**About this exercise:** Please repeat the lines below, exactly and only, from the one that holds "Aroma Concentrata - Strugure, 10/40 ml" through the one that holds "Perfect Pumpkin Bread".

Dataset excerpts
■ ■ ■ ■
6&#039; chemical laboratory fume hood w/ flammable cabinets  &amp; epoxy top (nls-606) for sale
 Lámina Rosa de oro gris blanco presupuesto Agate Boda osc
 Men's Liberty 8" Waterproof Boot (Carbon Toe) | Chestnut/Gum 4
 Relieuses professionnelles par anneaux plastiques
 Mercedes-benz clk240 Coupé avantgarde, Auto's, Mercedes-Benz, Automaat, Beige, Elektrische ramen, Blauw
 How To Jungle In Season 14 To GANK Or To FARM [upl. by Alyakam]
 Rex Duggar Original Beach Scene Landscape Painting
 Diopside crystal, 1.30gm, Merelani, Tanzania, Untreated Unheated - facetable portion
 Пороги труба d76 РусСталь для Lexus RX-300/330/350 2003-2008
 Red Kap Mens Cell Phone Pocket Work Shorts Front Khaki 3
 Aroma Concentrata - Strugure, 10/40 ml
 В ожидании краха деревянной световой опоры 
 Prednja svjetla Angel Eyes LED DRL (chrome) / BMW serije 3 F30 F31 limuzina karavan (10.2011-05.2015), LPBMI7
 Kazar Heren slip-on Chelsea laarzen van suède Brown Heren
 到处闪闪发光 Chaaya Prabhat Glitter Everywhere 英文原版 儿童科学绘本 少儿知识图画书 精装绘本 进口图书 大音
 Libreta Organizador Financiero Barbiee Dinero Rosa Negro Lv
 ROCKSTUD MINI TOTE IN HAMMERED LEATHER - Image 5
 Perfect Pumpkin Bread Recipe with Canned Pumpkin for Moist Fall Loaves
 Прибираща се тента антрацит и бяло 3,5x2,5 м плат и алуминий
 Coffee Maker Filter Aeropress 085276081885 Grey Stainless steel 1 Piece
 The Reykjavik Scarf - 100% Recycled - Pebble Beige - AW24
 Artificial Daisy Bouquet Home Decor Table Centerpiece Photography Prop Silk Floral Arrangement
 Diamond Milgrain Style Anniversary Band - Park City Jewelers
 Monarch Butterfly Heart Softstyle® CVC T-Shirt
■ ■ ■ ■
**Response area:**
 Aroma Concentrata - Strugure, 10/40 ml
 В ожидании краха деревянной световой опоры 
 Prednja svjetla Angel Eyes LED DRL (chrome) / BMW serije 3 F30 F31 limuzina karavan (10.2011-05.2015), LPBMI7
 Kazar Heren slip-on Chelsea laarzen van suède Brown Heren
 到处闪闪发光 Chaaya Prabhat Glitter Everywhere 英文原版 儿童科学绘本 少儿知识图画书 精装绘本 进口图书 大音
 Libreta Organizador Financiero Barbiee Dinero Rosa Negro Lv
 ROCKSTUD MINI TOTE IN HAMMERED LEATHER - Image 5
 Perfect Pumpkin Bread Recipe with Canned Pumpkin for Moist Fall Loaves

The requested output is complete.